The opulent and stunning wrought-iron and glass awnings...
The Wrought-iron and Glass Embellishment

When George C. Boldt envisioned his breath-taking masterpiece, he envisioned the most opulent of entrances, and grandest of interiors. The height alone of the Hotel was something to marvel at! It was truly the exterior and interior decorations which made the Bellevue-Stratford during her time and era, one of the most beautiful and opulent hotels in the world!

Sparing no expense for the exterior and interior decorations, George Boldt's masterpiece took shape in many forms... The tall facades were of delicate and heavy bas-relief terracotta stone in a pale tan with the great mansard roofs in blue-green copper sheeting. Some of the most beautiful decoration and artisan-work was in the form of the entrances to the Hotel itself...

Facing on Broad Street were erected three portico awnings. These were made of green wrought-iron and symmetrical panes of tinted glass. carriages, motor-cars and horse-and-buggy would pull up to the Broad Street entrance originally. There would be red carpet as well! Accents of Beaux-Arts ball lighting were mounted on either side of the large main carriage entrance portico or marquee, and two smaller entrances of wrought-iron and glass had semi-circular awnings with glass and wrought-iron enclosures. These had the Hotel's full name "BELLEVUE-STRATFORD" engraved across the wide curved cornice of the awning. During service, there would also be curtains or some sort of drapery that enclosed the entrance portico. More wrought-iron and tinted glass awnings ran the length of Chancellor Court which faced the south facade of the Hotel, and went in-between the Philadelphia Art Club and the Bellevue-Stratford. This length of awning extended and wrapped around to nearly all of the facade facing the Bellevue Court. Several awnings in the same fashion and style/decoration were mounted to the Walnut Street entrances in the form of porticoes and canopies.

These unique and spectacular porticoes and awnings lasted past the Great War (1914-1918) or World War I, on through the Great Depression when times were hard for the Hotel and its business. They even lasted right on through the late 1940's! The horrible advent of modernization during the mid-1950's brought a premature death to these stunning exterior fittings. They were dismantled and gutted and replaced by cantilevered marquees!

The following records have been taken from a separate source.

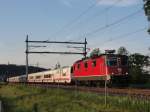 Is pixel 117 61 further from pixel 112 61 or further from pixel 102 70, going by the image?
pixel 102 70

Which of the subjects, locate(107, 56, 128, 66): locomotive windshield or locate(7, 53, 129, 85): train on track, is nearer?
locate(7, 53, 129, 85): train on track

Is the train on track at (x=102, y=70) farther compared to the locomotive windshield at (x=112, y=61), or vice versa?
the locomotive windshield at (x=112, y=61)

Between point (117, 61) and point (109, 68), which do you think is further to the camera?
point (117, 61)

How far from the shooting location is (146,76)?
57312 millimetres

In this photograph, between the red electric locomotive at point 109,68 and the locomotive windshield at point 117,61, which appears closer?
the red electric locomotive at point 109,68

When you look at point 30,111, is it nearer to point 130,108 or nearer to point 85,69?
point 130,108

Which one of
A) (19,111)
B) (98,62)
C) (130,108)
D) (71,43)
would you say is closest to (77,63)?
(98,62)

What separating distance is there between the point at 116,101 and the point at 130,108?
3220 millimetres

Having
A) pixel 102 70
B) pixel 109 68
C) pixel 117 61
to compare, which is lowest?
pixel 102 70

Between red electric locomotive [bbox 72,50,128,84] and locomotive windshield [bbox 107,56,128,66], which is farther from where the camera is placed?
locomotive windshield [bbox 107,56,128,66]

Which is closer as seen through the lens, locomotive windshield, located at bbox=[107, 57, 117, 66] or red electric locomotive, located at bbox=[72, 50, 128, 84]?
red electric locomotive, located at bbox=[72, 50, 128, 84]

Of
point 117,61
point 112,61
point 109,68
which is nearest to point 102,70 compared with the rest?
point 109,68

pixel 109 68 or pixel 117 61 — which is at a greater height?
pixel 117 61

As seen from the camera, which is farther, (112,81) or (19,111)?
(112,81) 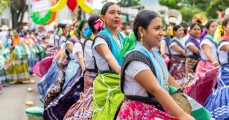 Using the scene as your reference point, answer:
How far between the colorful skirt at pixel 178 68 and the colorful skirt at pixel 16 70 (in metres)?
5.70

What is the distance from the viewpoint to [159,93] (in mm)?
3318

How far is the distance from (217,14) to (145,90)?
27.6 meters

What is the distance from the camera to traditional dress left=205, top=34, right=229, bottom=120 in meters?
5.79

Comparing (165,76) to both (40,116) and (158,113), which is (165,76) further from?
(40,116)

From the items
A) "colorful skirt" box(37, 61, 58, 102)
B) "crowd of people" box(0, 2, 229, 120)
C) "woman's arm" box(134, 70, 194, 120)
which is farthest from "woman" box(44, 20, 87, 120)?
"woman's arm" box(134, 70, 194, 120)

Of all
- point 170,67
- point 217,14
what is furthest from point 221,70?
point 217,14

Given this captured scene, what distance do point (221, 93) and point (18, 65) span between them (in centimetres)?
950

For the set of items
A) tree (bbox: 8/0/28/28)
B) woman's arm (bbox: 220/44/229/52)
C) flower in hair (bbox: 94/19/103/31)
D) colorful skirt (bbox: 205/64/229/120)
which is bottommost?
tree (bbox: 8/0/28/28)

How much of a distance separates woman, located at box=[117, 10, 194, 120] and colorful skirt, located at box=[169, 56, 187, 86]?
666cm

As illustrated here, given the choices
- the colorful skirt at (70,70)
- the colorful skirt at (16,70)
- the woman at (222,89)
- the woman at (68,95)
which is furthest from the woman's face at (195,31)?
the colorful skirt at (16,70)

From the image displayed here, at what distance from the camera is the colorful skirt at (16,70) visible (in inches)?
567

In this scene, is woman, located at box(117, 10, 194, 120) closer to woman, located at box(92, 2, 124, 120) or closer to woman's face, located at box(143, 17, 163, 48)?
woman's face, located at box(143, 17, 163, 48)

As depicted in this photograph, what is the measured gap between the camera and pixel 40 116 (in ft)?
22.7

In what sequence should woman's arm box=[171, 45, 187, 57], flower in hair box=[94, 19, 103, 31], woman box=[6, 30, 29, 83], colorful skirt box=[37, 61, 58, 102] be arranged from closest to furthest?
flower in hair box=[94, 19, 103, 31], colorful skirt box=[37, 61, 58, 102], woman's arm box=[171, 45, 187, 57], woman box=[6, 30, 29, 83] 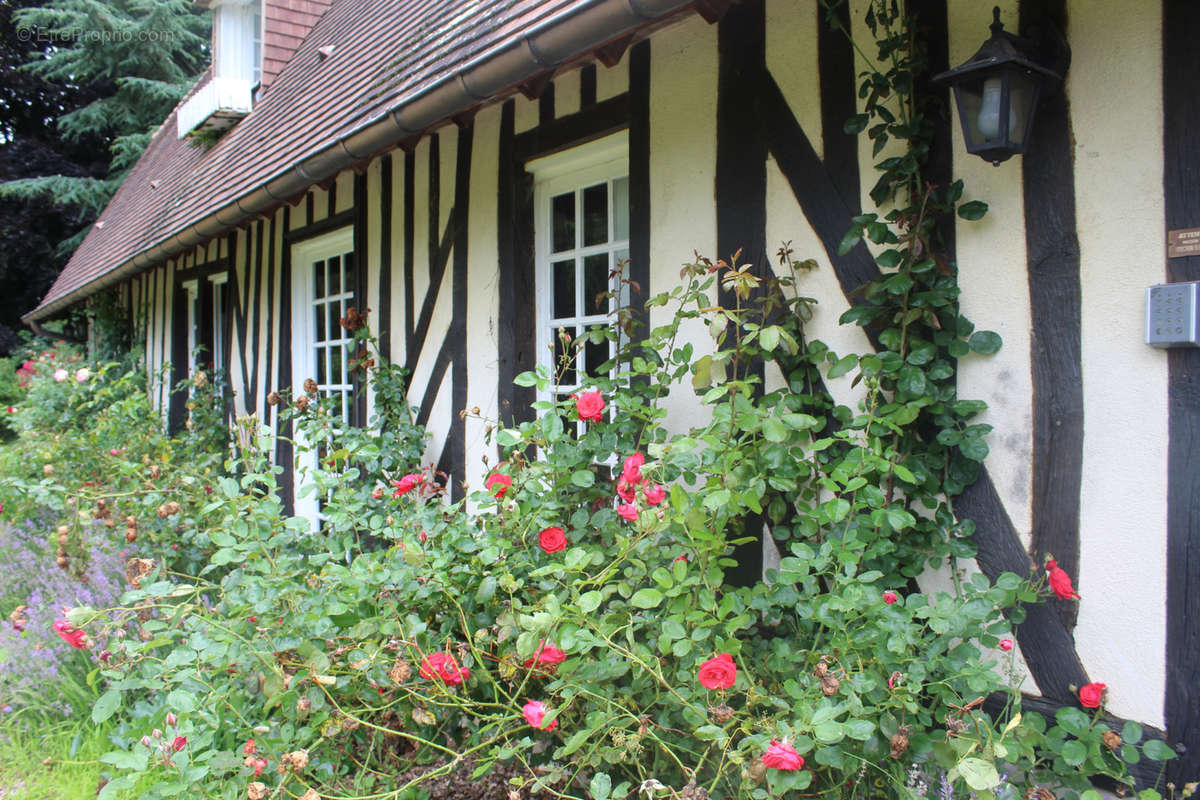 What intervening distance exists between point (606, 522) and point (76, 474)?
15.0 feet

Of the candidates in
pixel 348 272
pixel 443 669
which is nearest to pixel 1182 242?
pixel 443 669

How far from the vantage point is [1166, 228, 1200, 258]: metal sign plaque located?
1.74 metres

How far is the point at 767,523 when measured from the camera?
8.43 feet

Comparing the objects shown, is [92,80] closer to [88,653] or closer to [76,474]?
[76,474]

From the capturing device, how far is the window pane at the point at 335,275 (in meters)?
5.51

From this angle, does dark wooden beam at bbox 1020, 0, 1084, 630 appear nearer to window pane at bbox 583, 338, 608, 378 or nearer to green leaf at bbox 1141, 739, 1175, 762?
green leaf at bbox 1141, 739, 1175, 762

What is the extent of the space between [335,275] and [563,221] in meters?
2.55

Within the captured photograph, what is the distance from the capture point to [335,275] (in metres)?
5.55

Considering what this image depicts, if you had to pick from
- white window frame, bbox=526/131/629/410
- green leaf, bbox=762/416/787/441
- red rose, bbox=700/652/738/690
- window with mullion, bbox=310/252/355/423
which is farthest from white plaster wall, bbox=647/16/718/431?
window with mullion, bbox=310/252/355/423

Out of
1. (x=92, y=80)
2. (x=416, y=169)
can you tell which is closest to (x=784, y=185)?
(x=416, y=169)

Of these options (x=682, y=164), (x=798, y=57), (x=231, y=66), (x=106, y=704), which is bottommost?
(x=106, y=704)

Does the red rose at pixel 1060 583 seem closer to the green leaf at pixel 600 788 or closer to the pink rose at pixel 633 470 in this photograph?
the pink rose at pixel 633 470

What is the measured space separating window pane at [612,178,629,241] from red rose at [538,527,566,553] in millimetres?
1521

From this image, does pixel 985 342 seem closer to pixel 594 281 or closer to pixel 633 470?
pixel 633 470
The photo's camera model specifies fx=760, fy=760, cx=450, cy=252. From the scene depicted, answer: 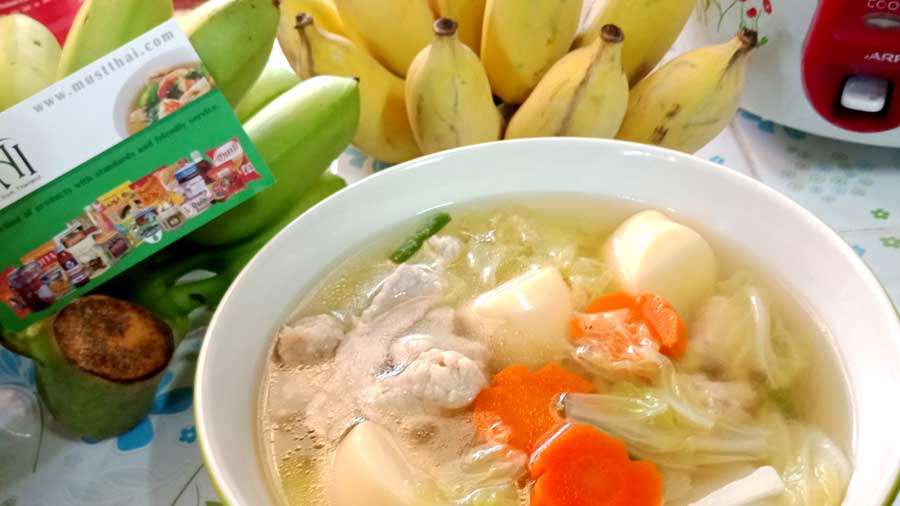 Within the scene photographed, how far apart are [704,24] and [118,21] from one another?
0.72 metres

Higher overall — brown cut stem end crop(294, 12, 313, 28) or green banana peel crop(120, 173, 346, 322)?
brown cut stem end crop(294, 12, 313, 28)

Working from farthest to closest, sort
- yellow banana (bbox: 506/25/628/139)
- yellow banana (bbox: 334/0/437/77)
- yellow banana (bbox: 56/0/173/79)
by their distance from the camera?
1. yellow banana (bbox: 334/0/437/77)
2. yellow banana (bbox: 506/25/628/139)
3. yellow banana (bbox: 56/0/173/79)

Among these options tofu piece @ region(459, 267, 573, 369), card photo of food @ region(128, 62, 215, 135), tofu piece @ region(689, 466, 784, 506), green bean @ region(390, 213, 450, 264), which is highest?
card photo of food @ region(128, 62, 215, 135)

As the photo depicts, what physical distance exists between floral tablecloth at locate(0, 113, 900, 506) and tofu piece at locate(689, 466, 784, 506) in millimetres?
386

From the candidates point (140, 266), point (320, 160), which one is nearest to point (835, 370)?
point (320, 160)

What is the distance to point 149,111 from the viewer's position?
2.12 feet

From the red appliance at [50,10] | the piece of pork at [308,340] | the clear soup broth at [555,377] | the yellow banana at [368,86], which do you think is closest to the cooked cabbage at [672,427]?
the clear soup broth at [555,377]

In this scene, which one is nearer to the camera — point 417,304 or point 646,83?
point 417,304

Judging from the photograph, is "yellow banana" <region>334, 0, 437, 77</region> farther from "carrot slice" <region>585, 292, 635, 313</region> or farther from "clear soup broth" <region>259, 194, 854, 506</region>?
"carrot slice" <region>585, 292, 635, 313</region>

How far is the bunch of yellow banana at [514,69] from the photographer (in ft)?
2.64

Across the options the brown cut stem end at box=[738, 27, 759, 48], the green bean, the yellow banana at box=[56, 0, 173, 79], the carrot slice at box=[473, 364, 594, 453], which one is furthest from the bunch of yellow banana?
the carrot slice at box=[473, 364, 594, 453]

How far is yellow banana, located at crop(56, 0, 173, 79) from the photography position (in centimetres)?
A: 67

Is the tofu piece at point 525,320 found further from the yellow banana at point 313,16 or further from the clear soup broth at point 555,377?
the yellow banana at point 313,16

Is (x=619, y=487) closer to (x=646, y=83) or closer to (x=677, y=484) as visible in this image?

These marquees that took over marred the elegant Beaux-Arts terracotta entrance portico and the beauty of the Hotel in general. Thankfully, the Broad Street marquee was fully dismantled, and the portico of terracotta columns and balustrade balconies was restored, but not completely as it was...

Today the only remnants of the original awning canopy and porticoes are marks and scraping along what used to be a wrought-iron awning and where they were fixed, one can see holes in the terracotta wall!!! One of the box-like marquee entrance porticoes still exists and flanks the Walnut Street entrance doors...

If only these could be brought back, how much of a boost in tourism alone would the Hotel bring! Another piece of grandeur wrongfully taken from her, brought back again!